Extracts from the Introductory statement to the press conference by Mario Draghi, President of the ECB:
Based on our regular economic and monetary analyses, and in line with our forward guidance, we decided to keep the key ECB interest rates unchanged. Following up on the decisions of 4 September 2014, we also decided on the key operational details of both the asset-backed securities purchase programme and the new covered bond purchase programme.
This will allow us to start purchasing covered bonds and asset-backed securities (ABSs) in the fourth quarter of 2014, starting with covered bonds in the second half of October. The programmes will last for at least two years. Together with the series of targeted longer-term refinancing operations to be conducted until June 2016, these purchases will have a sizeable impact on our balance sheet.
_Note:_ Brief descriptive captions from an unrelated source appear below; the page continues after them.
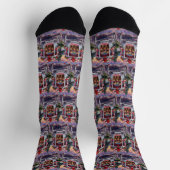 Weimaraner Hund Valentinstag Socken (Oben)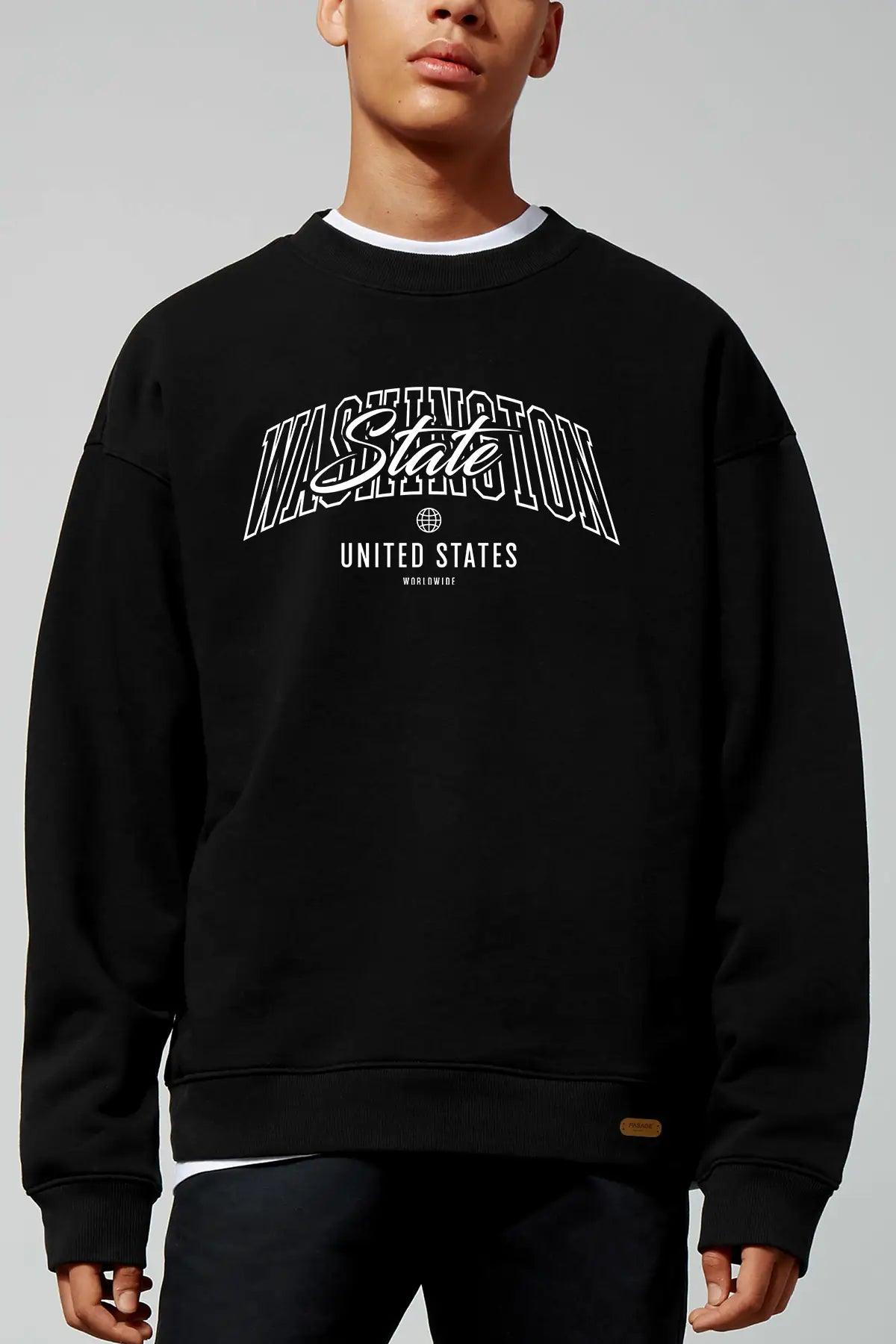 Washington Oversize Erkek Sweatshirt - PΛSΛGE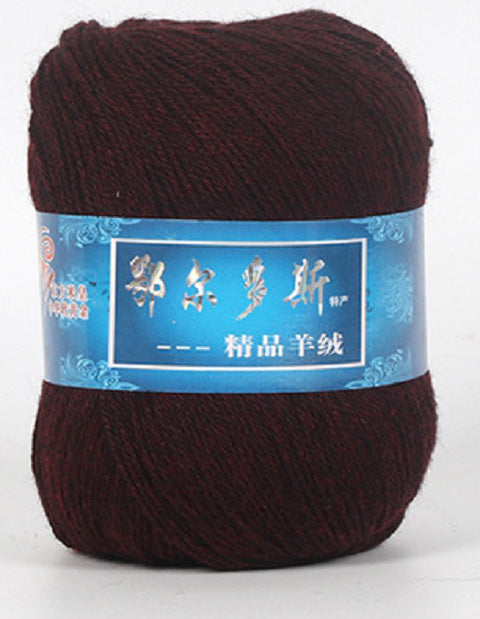Hand-Knitted Cashmere Yarn for Knitting & Crocheting - Medium Coarse Pure Wool Thread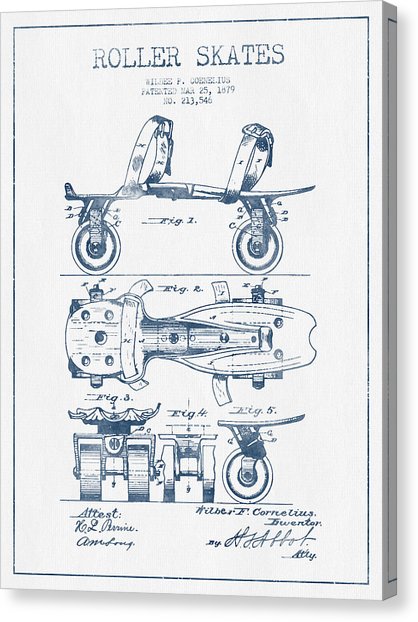 418x622 Roller Blade Canvas Prints Fine Art America - Rollerblade Drawing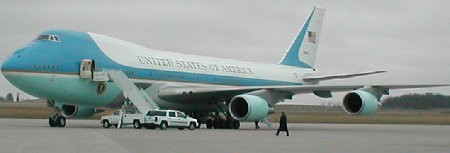 Air Force One at OCRA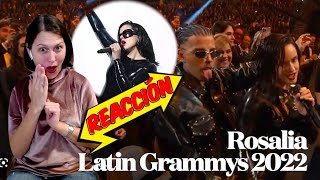 REACCIÓN a Rosalia cantando Hentai, La Fama y Despechá en los Latin Grammy 2022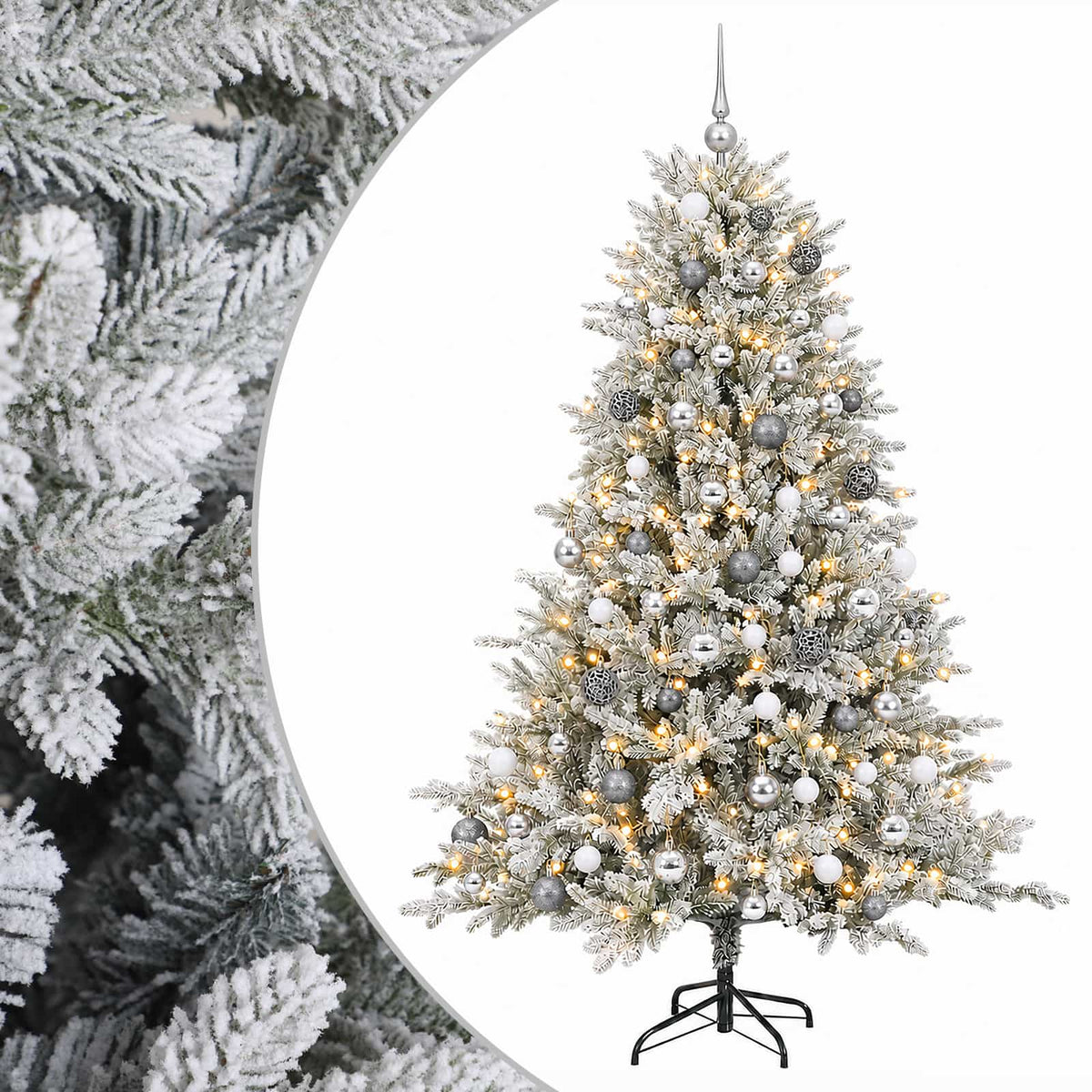 Artificial Christmas Tree with Bauble 210 cm 300 LEDs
The new measures will support specific market segments that play a key role in the financing of the economy. They will thereby further enhance the functioning of the monetary policy transmission mechanism, facilitate credit provision to the broad economy and generate positive spillovers to other markets. Taking into account the overall subdued outlook for inflation, the weakening in the euro area’s growth momentum over the recent past and the continued subdued monetary and credit dynamics, our asset purchases should ease the monetary policy stance more broadly. They should also strengthen our forward guidance on the key ECB interest rates and reinforce the fact that there are significant and increasing differences in the monetary policy cycle between major advanced economies.
Together with the monetary accommodation already in place, the determined implementation of the new measures will underpin the firm anchoring of medium to long-term inflation expectations, in line with our aim of maintaining inflation rates below, but close to, 2%. As all our measures work their way through to the economy they will contribute to a return of inflation rates to levels closer to our aim. Should it become necessary to further address risks of too prolonged a period of low inflation, the Governing Council is unanimous in its commitment to using additional unconventional instruments within its mandate.
To sum up, a cross-check of the outcome of the economic analysis with the signals coming from the monetary analysis confirms the recent decisions taken by the Governing Council to provide further monetary policy accommodation and to support lending to the real economy.